Once the meat has been in for 2 hours, we wrap it in foil to move its temperature more quickly. By wrapping it we create a high-humidity environment that will move the temp along without stalling at all. And because we already have good smoke flavor and the meat is protected by foil, we can also turn up the heat in the smoker. Going up to 300°F (149°C) is perfect. Of course, throughout this project you’ll want to be keeping an eye on the pit temp with your Smoke X2.
When the meat reaches its target pull temp, unwrap it, sauce it and continue to cook it until the sauce sets and becomes glazey-sticky. This is not only delicious and gorgeous, but it also gives the pork a little more time for collagen dissolution. Win/win.

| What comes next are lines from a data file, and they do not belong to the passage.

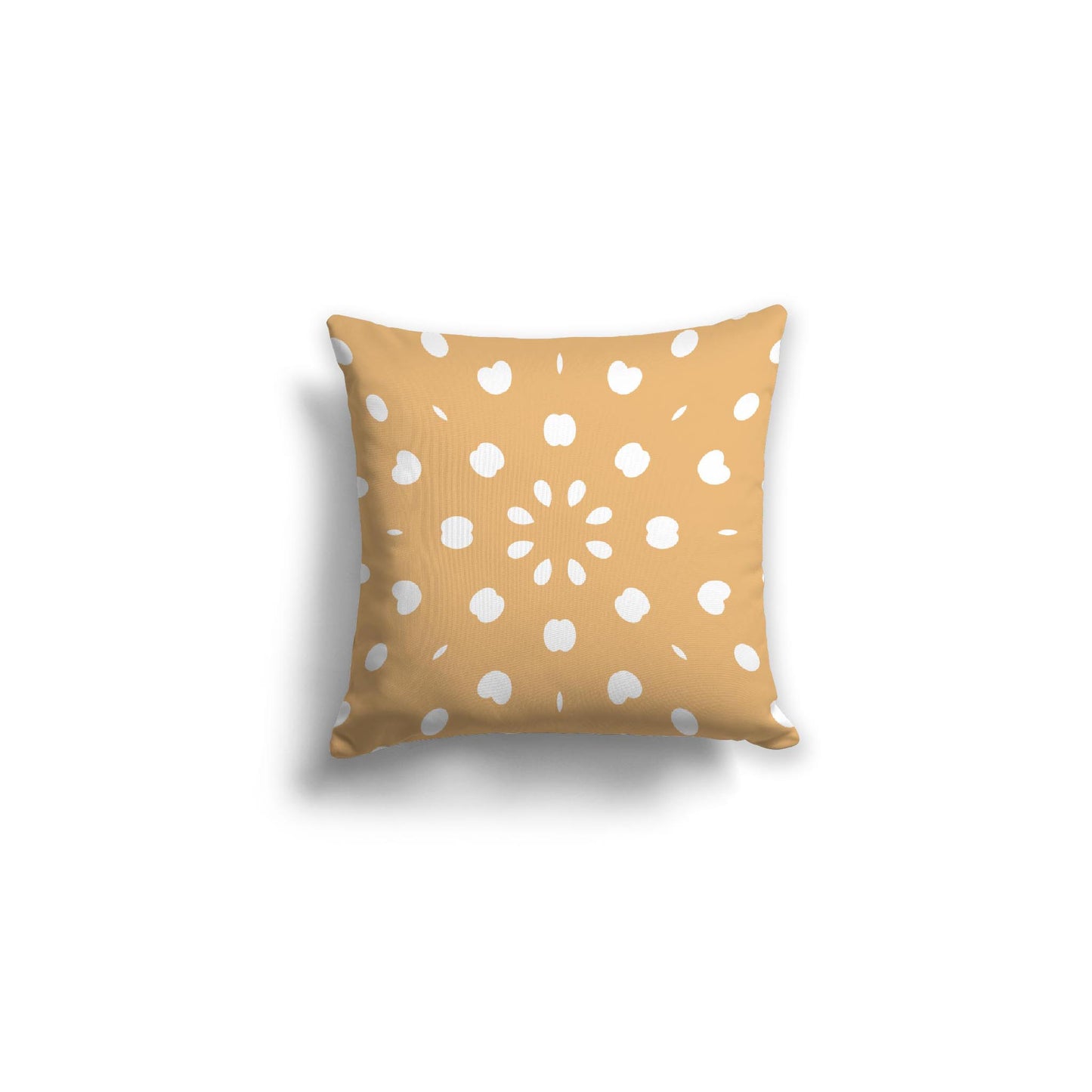 Orange Spun Polyester Throw Pillow with White Burst Pattern on Front 16 x 16 inches / 41 x 41 cm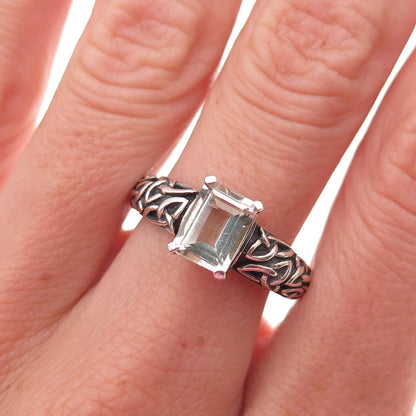 Solvar Sterling Silver Vintage Ireland Real Green Amethyst Trinity Ring Size 8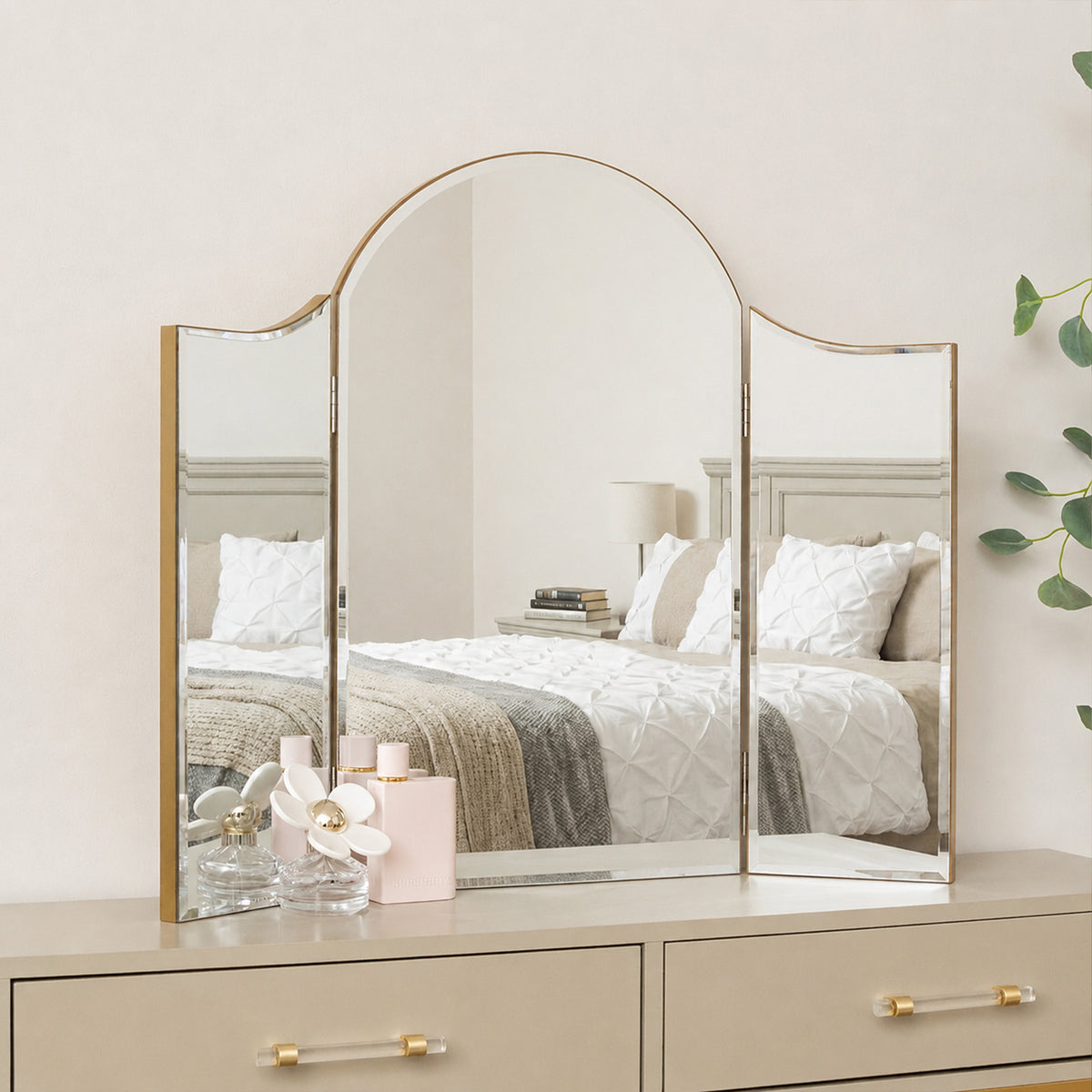 vintage gold dressing table Arched Triple Mirror 1930s antique vanity with mirror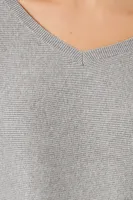 Women's Ribbed V-Neck Sweater in Grey, XL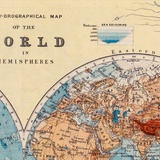 Карта мира с глубинами и высотами. 1906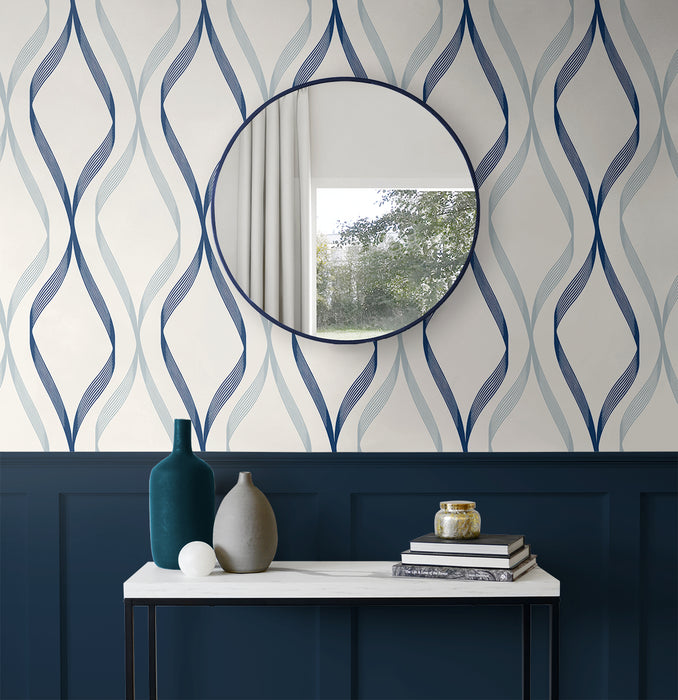 Seabrook Designs Wave Ogee Celtic Blue & Dewdrop Wallpaper Sample ET11802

For your next cookout, you might want to give this a try. It’s a delicious dish, it’s a stunning presentation, and, if you follow our temperature advice, it’s going to turn out just right. It’s the tastiest loaf of meat you’ll have made in some time, that’s for sure! Give it a try and pass the knowledge on to your friends and neighbors. Happy cooking!Print
A smoked pork belly, braided like a bread loaf—why not!
- 1 slab pork belly, about 5 pounds
- Plenty of BBQ rub (we chose an Asian-inflected one for this)
- Your favorite BBQ sauce that matches your rub (we used a good spicy one with some oyster sauce mixed in)
- Preheat your smoker to 250°F (121°C). Use your Smoke X2 to monitor the pit temp throughout the cook.
- Prepare the belly for braiding by cutting it into four strands. Cut long slits through the meat starting one or two inches from one of the short sides.
- Season the strands well on all their sides.
- Fan out the strands and braid in the following order: move 4 over 2, move 1 over 3, move 2 over 3. Repeat.
- Pin the loose ends together with a skewer or sew them together with some butcher’s twine and a thick needle. (Obviously, remove the needle.)
- Place the meat in the smoker, insert a probe in it and connect it to your Smoke X2. (This is more for monitoring purposes than anything else at this point.)
- Cook the meat for 2 hours, then wrap it in aluminum foil, re-insert the probe, and set the high-temp alarm on the meat channel to 165°F (74°C). Put the meat back in the smoker and turn the smoker temp up to 300°F (149°C).
- When the high-temp alarm sounds on your meat channel, check the belly in a few places with your Thermapen ONE to make sure the whole thing has reached the target temp.
- Unwrap the braid, put it back in the smoker, and brush it with your sauce. Cook about 30–45 more minutes, until the sauce sets up.
- (Total cook time will be somewhere in the vicinity of 4 to 6 hours, depending on several factors.)
- Remove the meat from the smoker, take a bunch of pictures—if you want to—and carve it up! Get some good sandwich bread for it, or just go to town with your fingers!